Being concerned for managing the NPAs in the present crisis phase, many therapeutic efforts have already been made by the Regulator for recognising the true picture of NPAs in the bank books and to provide for the same such as Asset Quality Review was initiated (April 2015), the Indradhanush Programme was pioneered by Government of India (August 2015), to strengthen the process of appointment of top management in the PSBs, a Bank Board Bureau (BBB) was set up (April 2016). The government has also started the process of mergers of weak banks into strong banks and formed Insolvency and Bankruptcy Code-2016, to accelerate the exercise of recovering the debts from insolvent and bankrupt corporate houses (Sengupta & Vardhan, 2017). However, it was found that the execution processes are filled with many weaknesses as the banks try to defer the recovery process and depend more upon regulatory concessions.
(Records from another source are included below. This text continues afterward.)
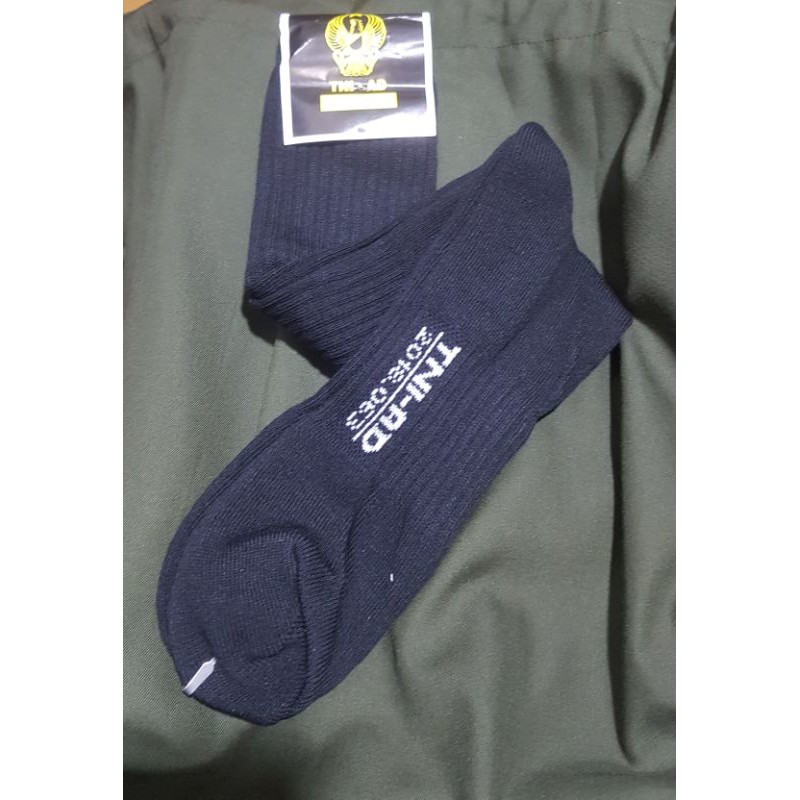KAOS KAKI PDL JATAH TNI AD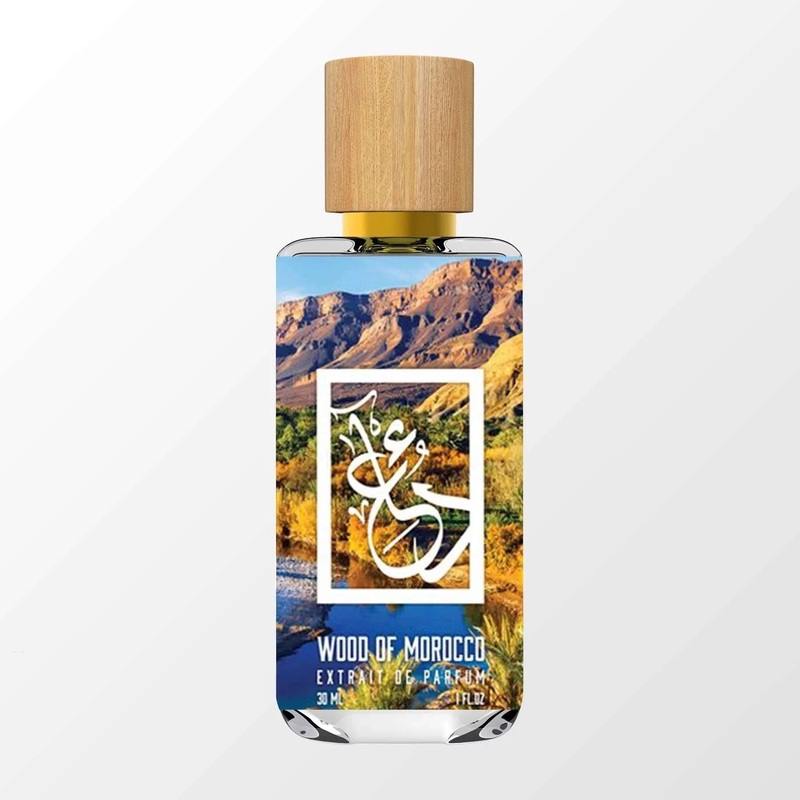 Wood of Morocco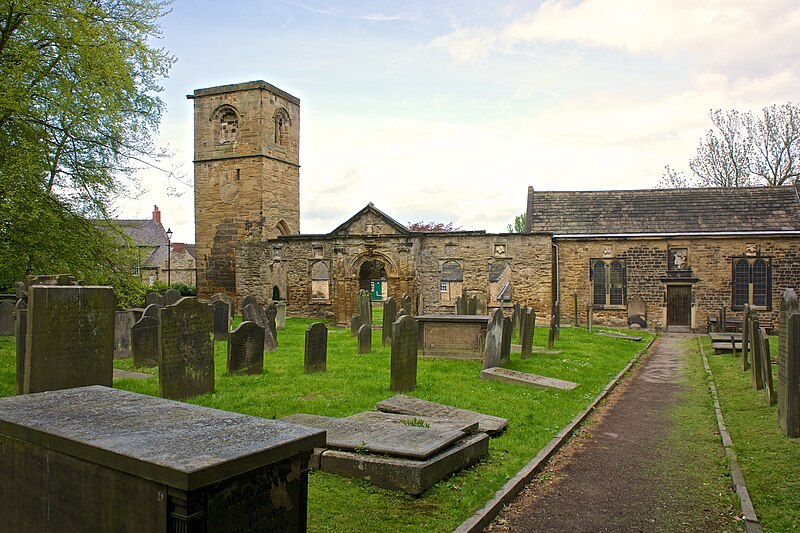 File:Holy Trinity, Old Church, Wentworth - geograph.org.uk - 3460534.jpg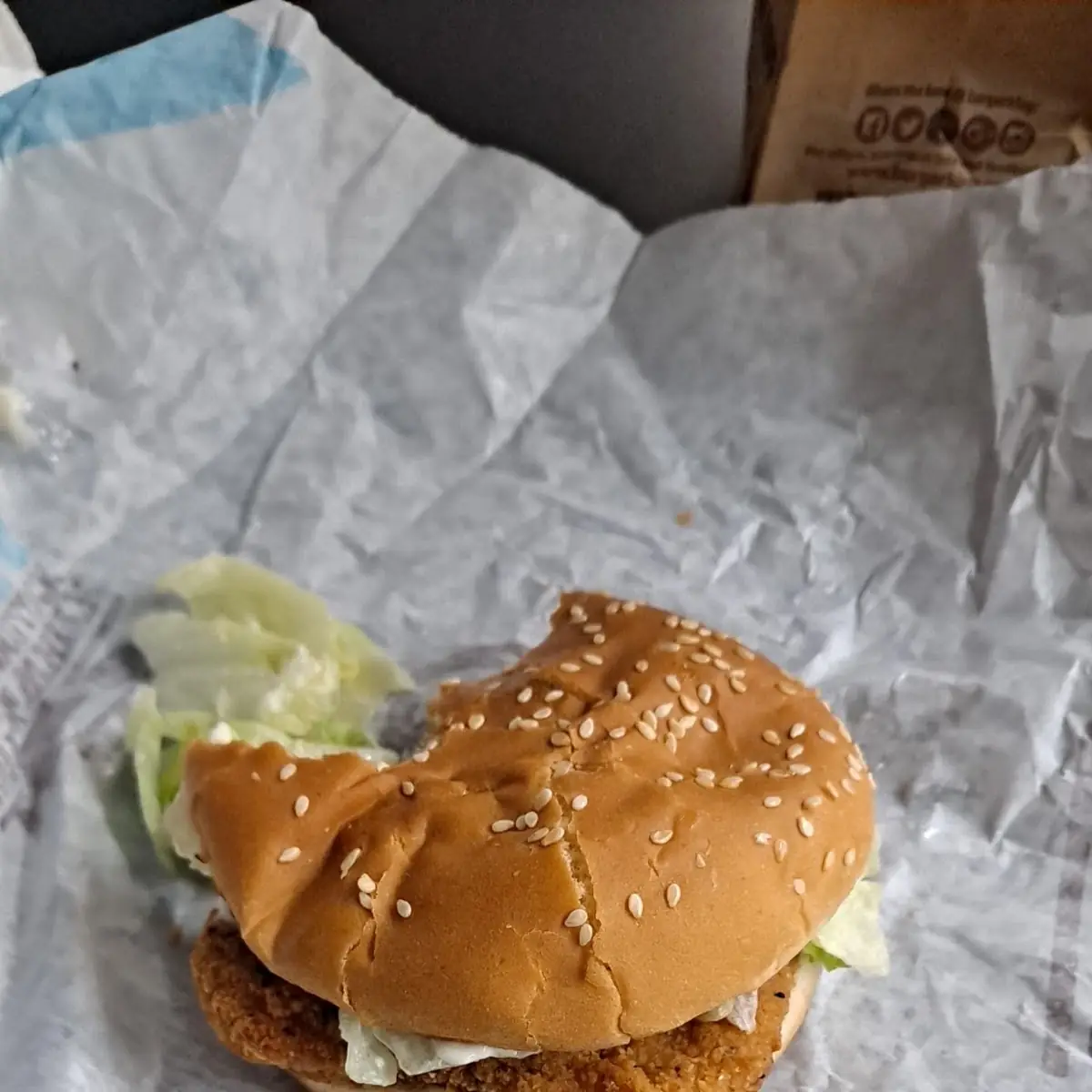 Fish Sandwich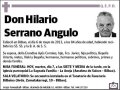 SERRANO ANGULO,HILARIO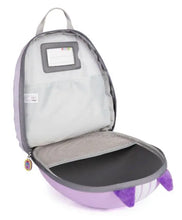 Load image into Gallery viewer, Purple Cat boppi Tiny Trekker Backpack

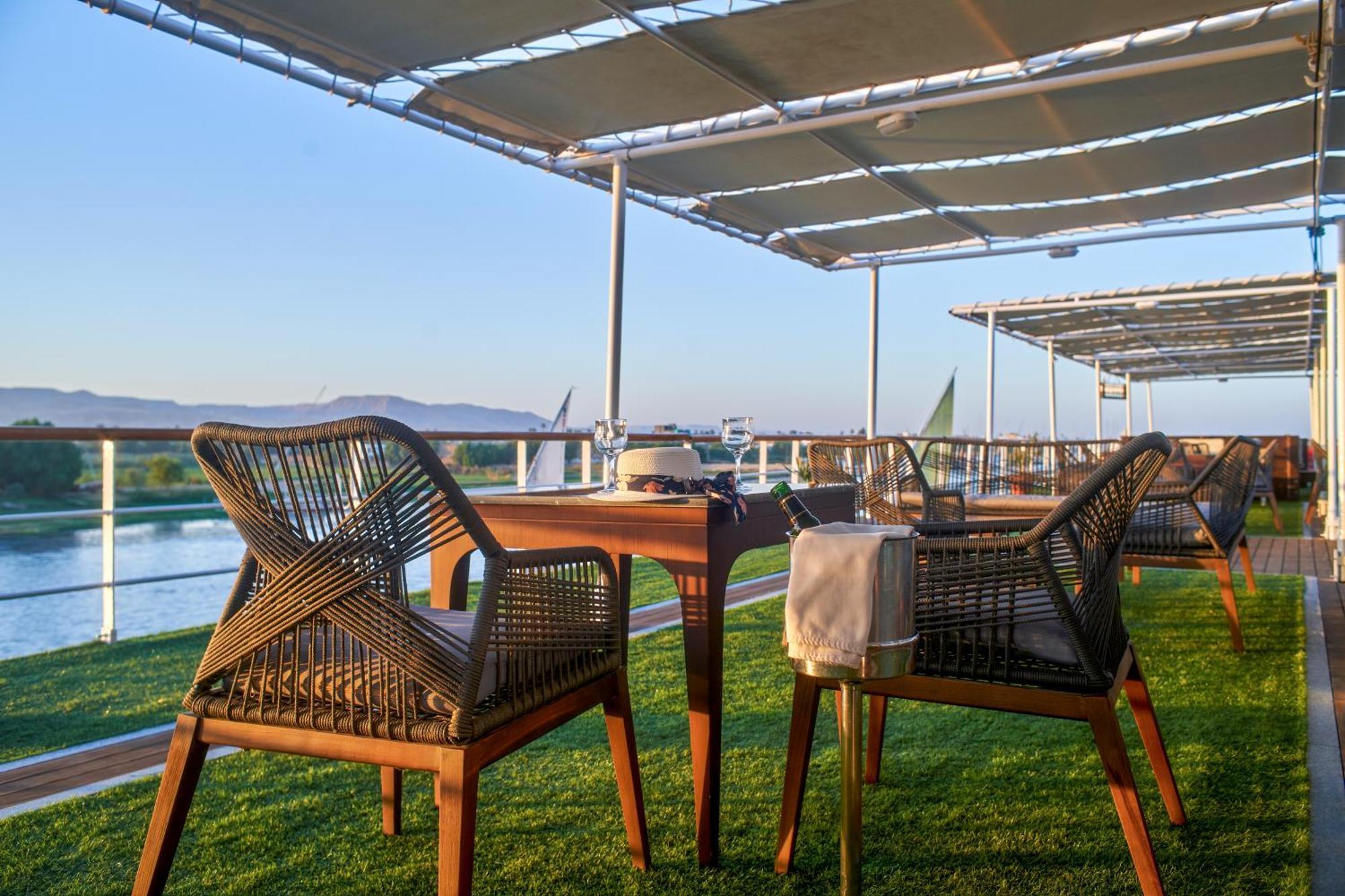 Moevenpick Royal Lily Nile Cruise, Every Monday Four Nights From Luxor, Every Friday Three Nights From Aswan - Including Excursions & Sightseeing 외부 사진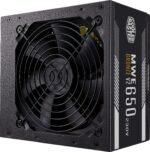Захранващ блок Cooler Master MWE 650 Bronze V2 - Image 2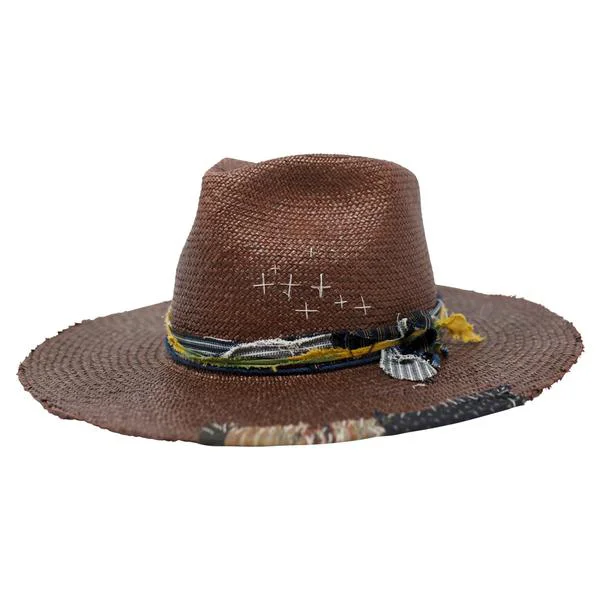 Behind The Brand Teressa Foglia Makes Handmade Hats With A Focus On 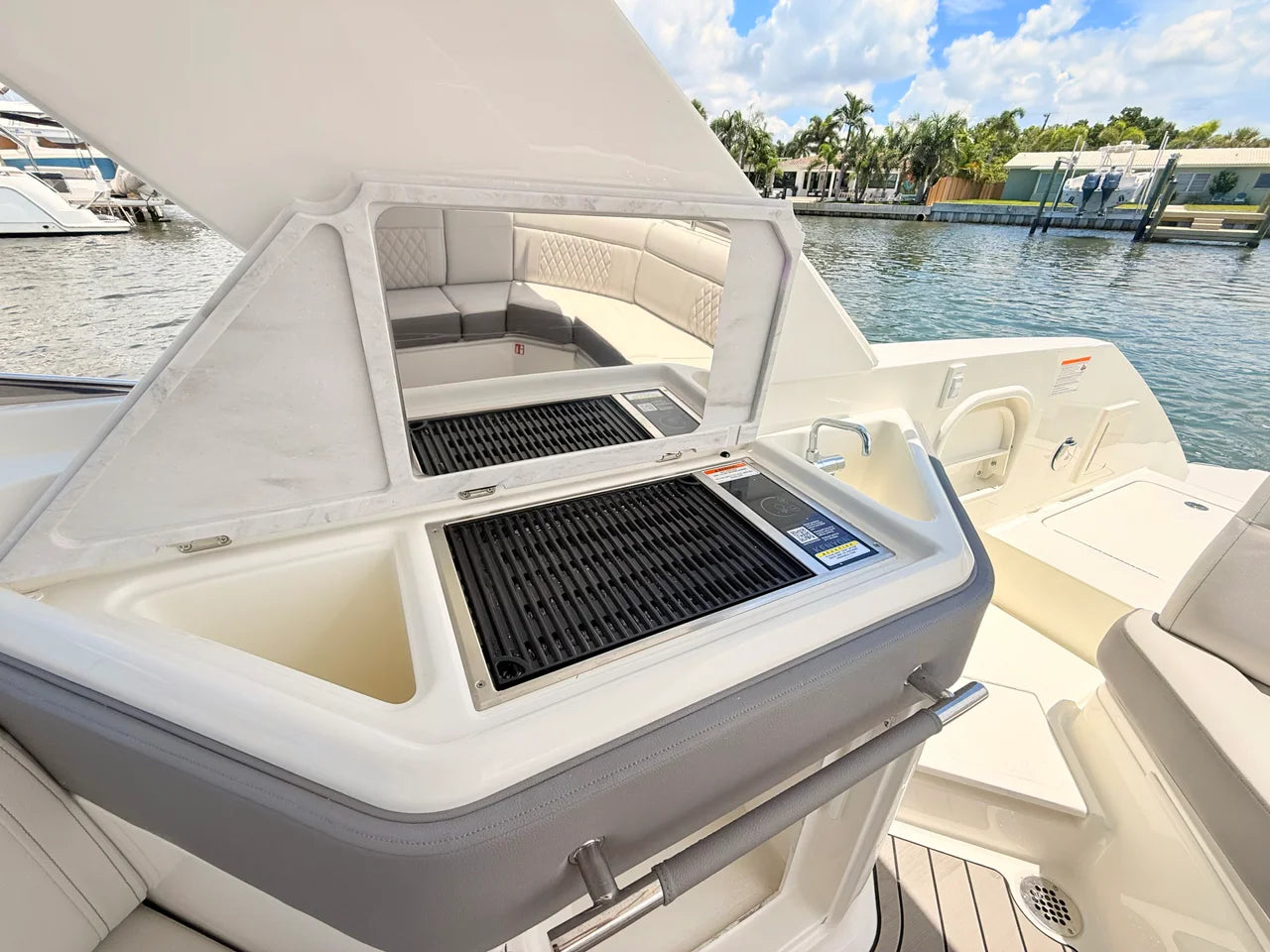 2026 Sea Ray SLX 310 Outboard 31.0 feet, St Petersburg, FL #45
The recent Global Financial Crisis has ignited a curiosity in recognising the drivers of NPLs across the world and managing the same. NPLs have been quoted with the name of ‘financial pollution’, in various studies, because of their unpredictable economic consequences and researchers have proposed to incorporate an early alert mechanism for the incipient financial crisis scenario (Barseghyan, 2010; Gonzales-Hermosillo, 1999; Zeng, 2012). Different distressed debt cycles have been faced by varied economies and a probe has been made both in macro-economic as well as bank-specific factors of NPLs. As demonstrated in Table 2, some studies have exclusively investigated the single category of probable determinants of NPLs (Al-Khazali & Mirzaei, 2017; Beck et al., 2015; Jimenez & Saurina, 2006; Keeton & Morris, 1987; Khan et al., 2020; Klein, 2013; Lee & Rosenkranz, 2020; Nkusu, 2011; Podpiera & Weill, 2008). On the other hand, some studies have focused on the interaction between systemic (macroeconomic) and idiosyncratic (bank-specific) factors to draw an exhaustive picture of NPLs (Arpa et al., 2001; Fofack, 2005; Ghosh, 2015; Louzis et al., 2012; Makri et al., 2014; Pain, 2003; Salas & Saurina, 2002).
Literature Survey of Studies Relating to Determinants of NPLs.
Literature Survey of Studies Relating to Determinants of NPLs.
Further, there is one more category of factors which are known as borrower/loan-specific factors where it has been observed that excessive lending, ineffective monitoring, and unhealthy competition give borrowers, a chance to relax and leads to higher NPLs (Aballey, 2009; Agresti et al., 2008; Cheriye, 2013; Kangimba, 2010; Sinkey & GreenWalt, 1991). Muniappan (2002) stated that diversion of funds, investing money in new projects, time cost overrun, strained labour relations, inefficient management, and technical glitches at the business level are the main internal reasons for deteriorating asset quality in banks. In India, the Central Bank has directed banks to term bad loans as wilful defaulters, and such borrowers, despite being capable to pay, do not pay the same knowing the weak legal and governance framework while in the US, such defaulters are termed as strategic defaulters (Gerardi et al., 2015). McGoven (1998) while studying the loan losses relating to US banks, asserted that Character is the prime factor for deciding lending credit and found that the banks in the US faced loan losses due to lenient lending, credit without guarantee, and also the perception and culture of the borrowers. Similarly, Pagano et al. (2014), Jayadev and Padma (2020), also suggested that to prevent the NPLs, the banks must strengthen the ‘bank governance model’ by instituting tighter loan accords, strict monitoring, and effective governance, and exploit transaction data available through payment channels. Ugoani (2016) taking a sample of Nigerian banks suggested that the bank regulators have to upgrade the micro and macro-prudential specifications for banks. Mora-Sanguinetti et al. (2017) found that during recessionary times, strict legal enforcement plays a vital role in the case of NPLs. Also, the out-of-court measures (Garrido, 2012) work as an alternative way out, which is encouraged to a great extent. Such reformatory measures would assist banks to write off bad loans.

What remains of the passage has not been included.